Les jeunes nous prennent pour des “boomer relous” alors que nous ne faisons que demander des consignes, un suivi et des validations claires. Nous, lorsqu’on communique, c’est pour de vrai, pas que derrière un écran.
🔹 3. Dans les coulisses : 2 missions, 2 clashs
- Chez KL, en tant qu’ambassadrice, j’ai eu des infos contradictoires, des consignes qui changent d’un jour à l’autre, des juniors qui ne géraient pas, mal, et moi qui essuie les plâtres, qui rattrape tout. J’ai exprimé mes limites aux managers, indiqué clairement ce que je ne tolérerais pas deux fois, sans drama, mais avec une vraie intention, et prête à partir si je n’ étais pas entendue.
- Chez TB, j’ai vu un stagiaire rater la moitié des réunions, commencer son stage avec deux semaines de retard car il n’a pas anticipé sa recherche de logement – je rêve , qui a mis encore deux semaines de plus pour faire une seule vidéo Tiktok quand je produisais trois articles de blog à 1 200 mots par semaine ainsi que 3 publications par semaine aussi pour deux réseaux sociaux différents, et au final il est parti en se plaignant de ne pas être payé, sans avertir celle sur qui son absence de travail retombe- moi- alors qu’on ne l’a pas pris en traitre, c’était le deal sur l’annonce (stage non rémunéré).
- Et c’est moi qui passe pour la méchante parce que j’ai de l’exigence – si j’étais son manager je n’aurais jamais toléré son attitude – et une conscience professionnelle. J’avais choisi ce stage en conscience, je n’ai pas quitté le navire malgré le mauvais management, le mauvais cadre. Mais son attitude m’a insupporté au plus haut point.
🔹 4. Ce que ça révèle du monde du travail aujourd’hui
Ces expériences ne sont pas isolées. Elles sont le reflet d’un dysfonctionnement plus large, d’un monde du travail en tension entre générations, valeurs, et priorités. Où l’on constate :
- Une déconnexion entre les attentes et la réalité du terrain : une hiérarchie à l’abri dans les bureaux, qui manage à l’ancienne quel que soit son âge, en imposant sans concertation, et sans écoute du feedback sur le terrain, des conséquences ;
- Un manque de transmission des codes : ponctualité, validation, pilotage ; une génération qui sous prétexte de chercher le sens oublie les bases du travail bien fait ;
- Une confusion entre “liberté” et “absence de cadre” : l’autonomie n’est pas l’absence de cadre, c’est au contraire un cadre bâti dans la concertation et la confiance.
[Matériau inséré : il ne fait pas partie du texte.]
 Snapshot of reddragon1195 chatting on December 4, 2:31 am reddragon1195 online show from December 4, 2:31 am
🔹 5. Comment j’ai appris à gérer ça (et poser mes limites)
Ce que ces expériences m’ont appris ?
- Être claire dans ce que je tolère (et ne tolère plus) ;
- Rétablir les bases : brief, validation, deadline, feedback ;
- Dire stop à la surcharge mentale liée au sauvetage d’équipe mal cadrée.
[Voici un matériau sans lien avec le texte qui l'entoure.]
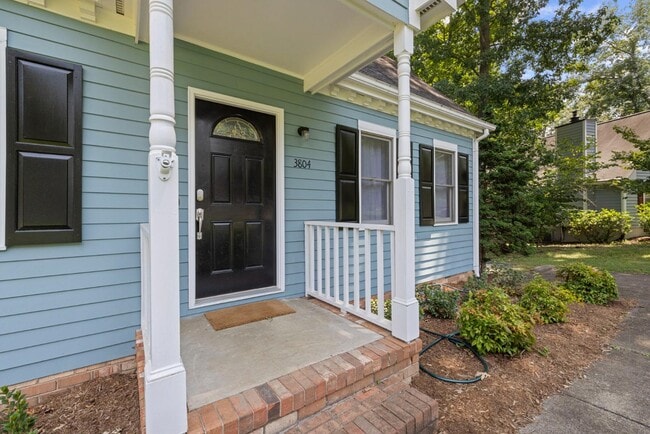 Photo - 3804 Zenith Pl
- Partir si je ne me sens pas respectée, alignée, si le cadre ne me convient pas
🔹 6. Conclusion : Travailler ensemble, oui. Mais pas sans règles.
Je crois à la collaboration intergénérationnelle.
Nous sommes tous capables de nous écouter, nous comprendre, pour parvenir à un but commun, qui va dans le sens du développement de l’entreprise. Ce n’est pas une question d’âge, mais de savoir-vivre, de soft skill.
Mais ce n’est pas toujours aux mêmes de structurer, de rattraper les erreurs et d’expliquer les bases.
Le respect, ce n’est pas une affaire d’âge. C’est une affaire de cadre, de clarté… et de réciprocité.